Needless to say, our report has attracted a fair amount of comment. And commentators have made some interesting and important arguments. Take my “ads cannot be divorced from reality” point above. Clearly we – the UK advertising regulator - must take into account the way things are, but what should we do if, for example, an ad is reflecting a part of society as it is now, but that part is not fair and equal? 

The ad might simply be mirroring the way things are, but at a time when many people in our society, including through public policy and equality laws, are trying to mould it into something different. If we reign in the more extreme examples, are we being social engineers? Or are we simply taking a small step in redressing the imbalance in a society where the drip, drip, drip of gender stereotyping over many years has, itself, been social engineering. And social engineering which, ironically, has left us with too few engineers.

Read more: Why new rules on gender stereotyping in ads benefit men, too

The report gave news outlets a chance to run plenty of well-known ads from yesteryear. Fairy Liquid, Shake 'n' Vac and some real “even a woman can open it”-type horrors from decades ago. For some, that was an opportunity to make the point that ads really were sexist back then, but everything’s fine on the gender stereotyping front today. That argument shows a real lack of imagination. 

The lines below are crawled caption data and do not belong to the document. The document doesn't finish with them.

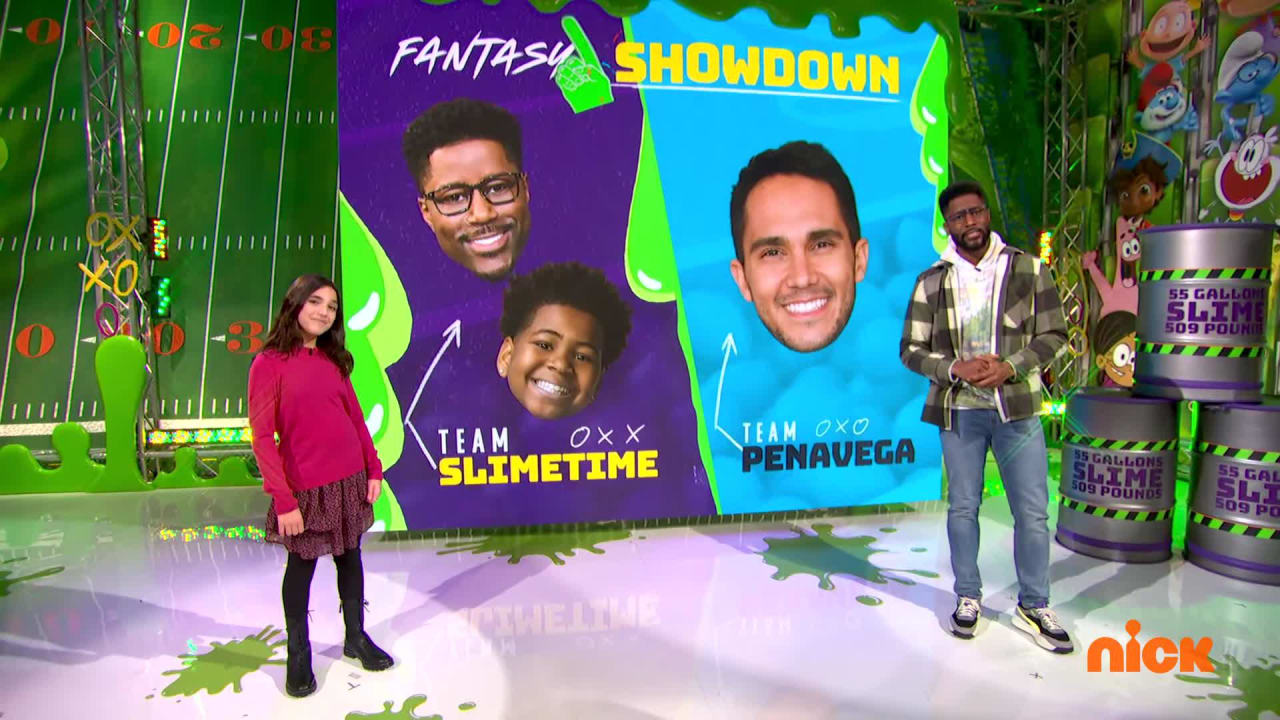 Celebrity pick party: Nickelodeon Slimetime Team vs. Josh Richards 'NFL  Slimetime'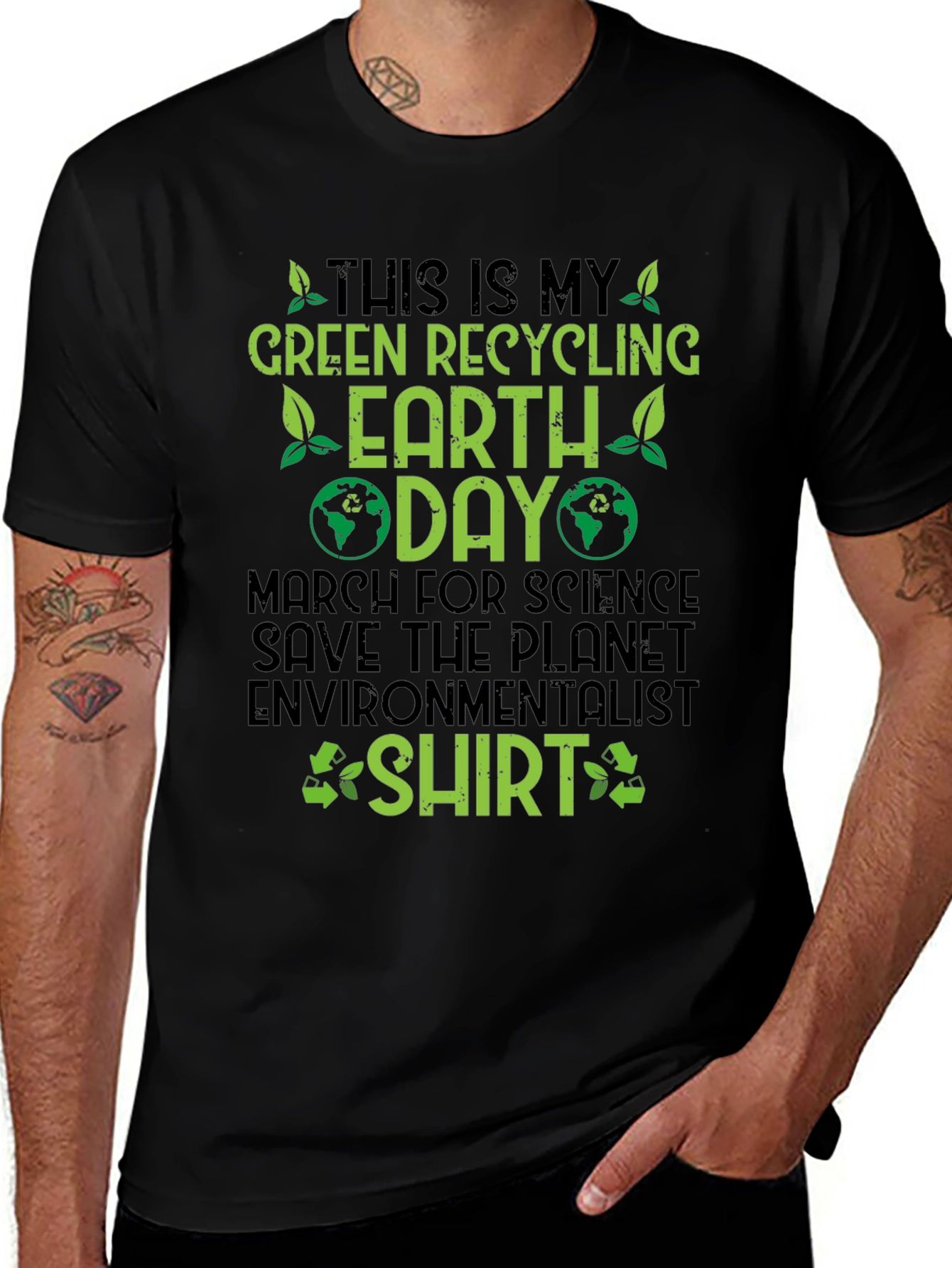 Green Recycling Earth Day T-Shirt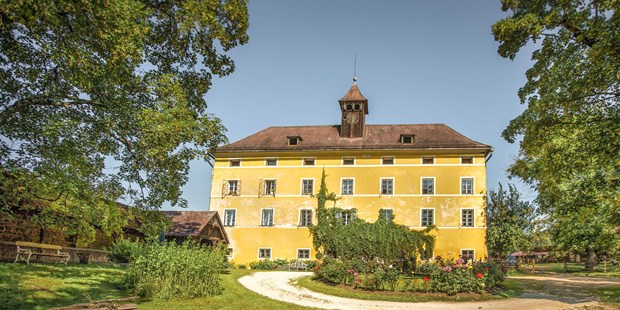 Destination-Wedding - Festzelt - Österreich - SO Ansicht Gut Schloss Lichtengraben - Gut Schloss Lichtengraben  - romantisches Schloss exklusive mieten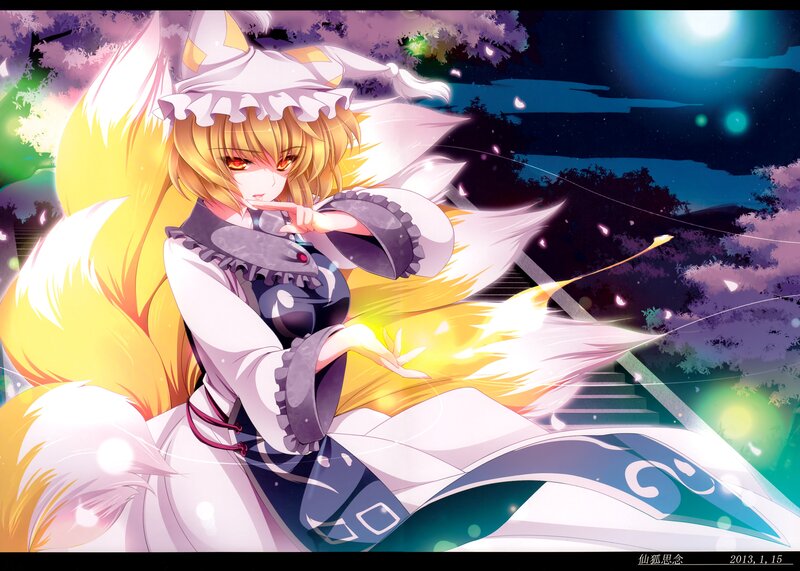 Fox-eared Girl with Flames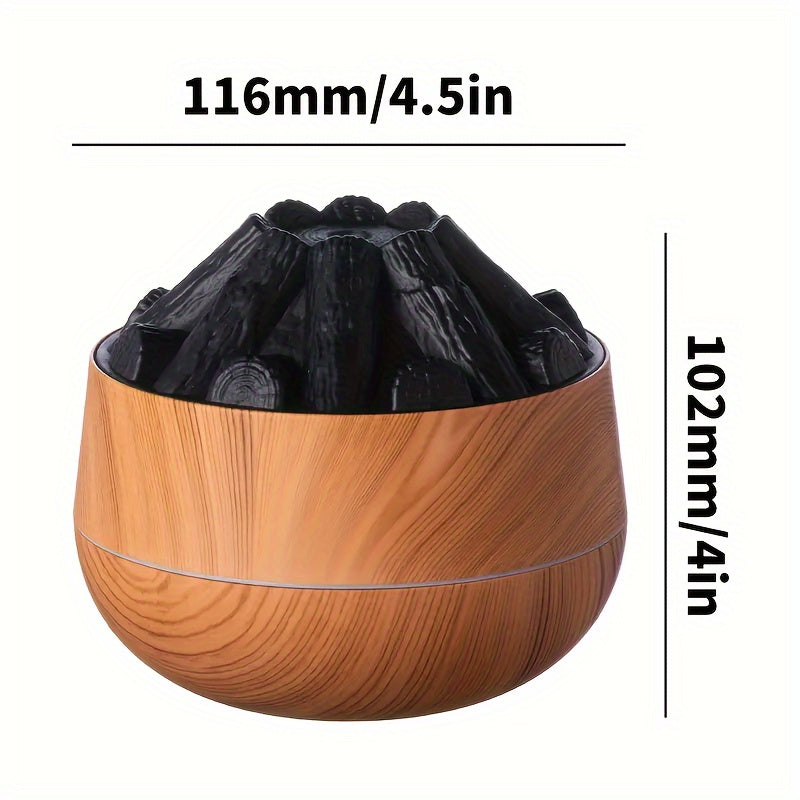 Fire Diffuser - Mini simuleret kulbrand luftfugter med realistisk flammeeffekt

History has not stopped. If we’re looking back at ads of 50 years ago and marvelling at how we thought they were OK back then, despite knowing they were products of their time, won’t our children and grandchildren be doing exactly the same thing in 50 years’ time? What “norms” now will seem antiquated and unpleasant in the future? We think the evidence points to some portrayals of gender roles and characteristics being precisely such norms, excused by some today on the basis that that’s just the way it is.

Our report signals that change is coming. CAP will now work on the standards so we can pin down the rules and official guidance. We don’t want to catch advertisers out, so we and CAP will work hard to provide as much advice and training as we can, so they can get their ads right in the first place. And from next year, we at the ASA will make sure those standards are followed, taking care that our regulation is balanced and wholly respectful of the public’s desire to continue to see creative ads that are relevant, entertaining and informative. 

You won’t see a sea-change in the ads that appear, but we hope to smooth some of the rougher edges. This is a small but important step in making sure modern society is better represented in ads.